Going beyond The Coffee Bean, though, get this: your restaurant’s screens can now be fully branded, social, location-based experiences. Screens where you control the content, the colors, the personality, and even the degree of guest engagement across multiple locations, without having to engage a digital agency to build it for you. 

You don’t have to show solely sports or television programming. You’re not limited to digital menu boards. You don’t need an agency.

I spoke to David Weinfeld, a long-standing expert on digital signage and the brains behind a forthcoming solution called Venter, as well as Nanxi Liu of startup Enplug. Here’s what they’re learning from some of these initial implementations. 

“Given how much time consumers spend on their smartphones, it's critical that in-venue digital signage also engages guests on mobile,” says Weinfeld. “Offering a more complete guest experience will allow operators to really differentiate themselves with the promotions they run.”

I’ve seen some of the things Weinfeld’s stealthy Venter is working on and they’re amazing. Part game, part social interaction, and all social, with no advertising. 

Photo Credit: Enplug

Photo Credit: Enplug

Companies like Enplug and Postano are in the here and now. Both provide a beautiful user experience as part of their digital signage experience, displaying whatever specific social and static content media a restaurant brand desires. 

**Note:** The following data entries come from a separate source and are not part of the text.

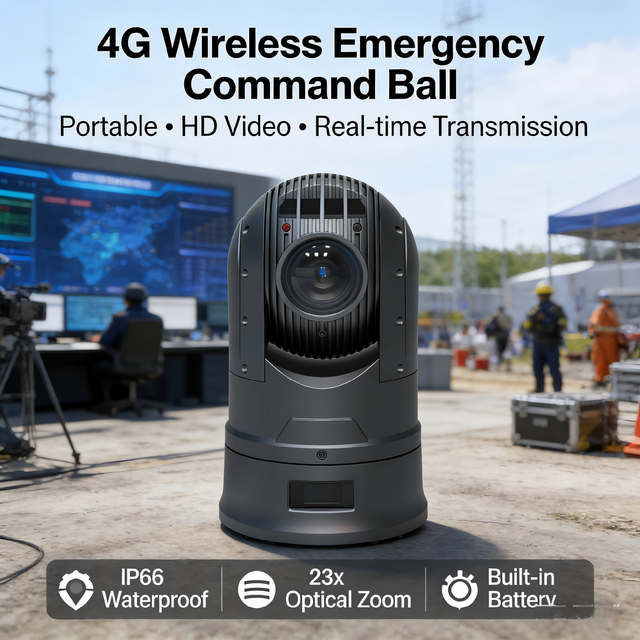 2MP 23x Outdoor Wireless PTZ Camera with Night Vision Built-in 4G/WiFi/GPS and Lithium Battery for Rapid Deployment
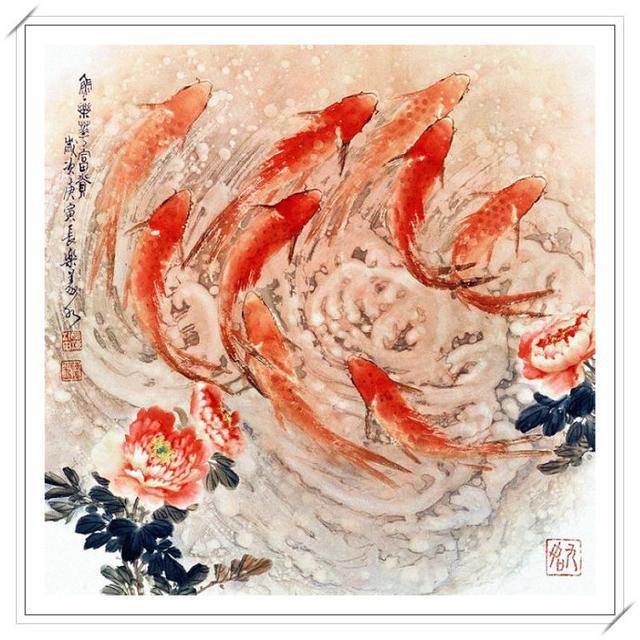 鱼水相融陈义水鱼水画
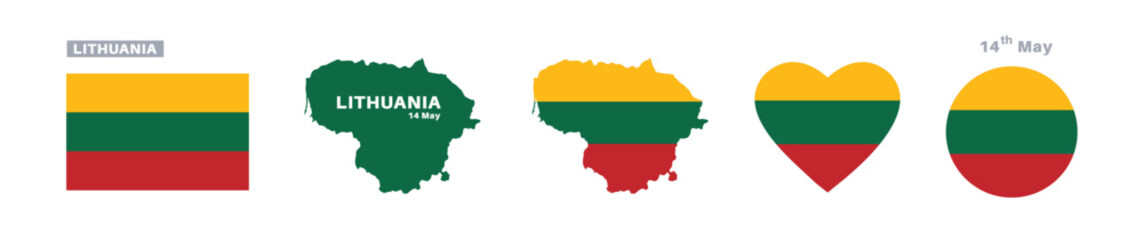 lithuania flag and map set. lithuania flag in official colors and proportions. independence day 14 may, map, circle and heart shaped lithuania 
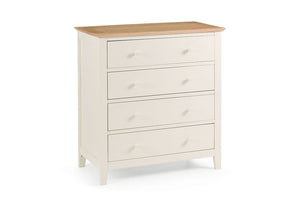 Julian Bowen Salerno Shaker Oak and Oak and Ivory 4 Drawer Chest (5644545556646)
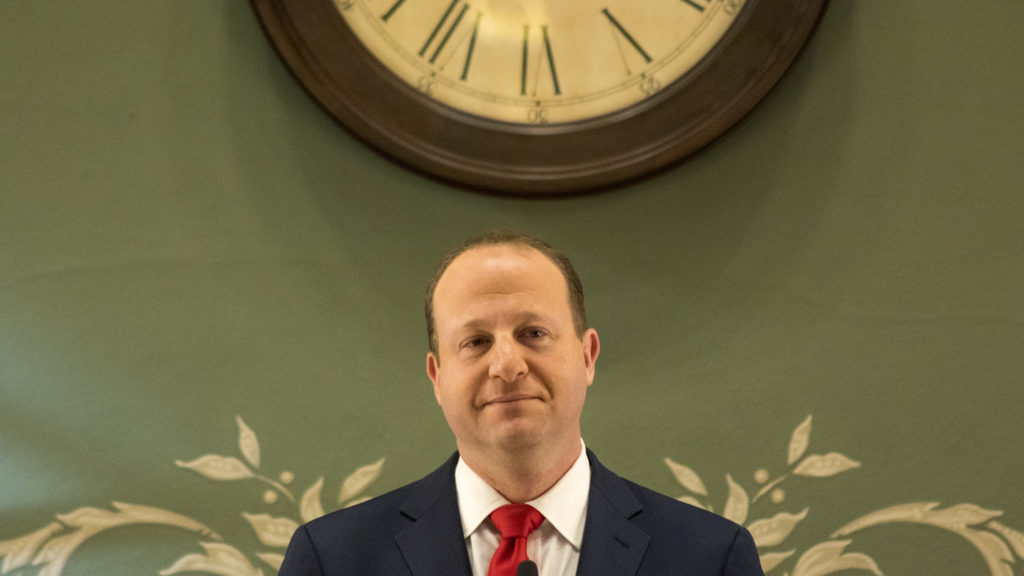 Governor Jared Polis gives his first State of the State address, Jan. 10, 2019. (Kevin J. Beaty/Denverite)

“We really want to transform the customer experience while helping to increase the restaurant’s sales,” says Liu. 

Imagine one or more screens in your location displaying carefully curated (and moderated) content from Twitter, Instagram, Foursquare, Yelp reviews (yes, only the positive ones), and Facebook, mixed with your own marketing messages as jpeg or png images. 

Elton Keung, owner of Boba 7 and the forthcoming Boba 8 in Los Angeles, wants in-venue screens to seamlessly blend with the rest of his guest experience. He has one screen powered by Enplug at Boba 7, but at his upcoming Boba 8 location will use an additional screen to digitally display the artistic works of his own employees. 

“I look for employees who have a lot more they bring to the table than working in a restaurant,” he says.

“We’re going to make it so customers’ Instagram photos and the still art I have on the other screen will sort of work together,” says Keung. “The still art transitions to other content that will come from our YouTube channel – and that channel will feature other creative work done by my employees.” 

As for the Enplug display, Keung says this: “I do zero work. And I never have to worry about negative reviews or anything bad showing up. I like the way this is set up; it definitely adds a uniqueness to the Boba 7 experience,” says Keung. 

“Guests come up with really cool content – better than a restaurant can come up with, and we can help restaurants better connect with their customers using that in their location,” Liu said. 

Your boring digital signage can become branded social signage. And, really, why not?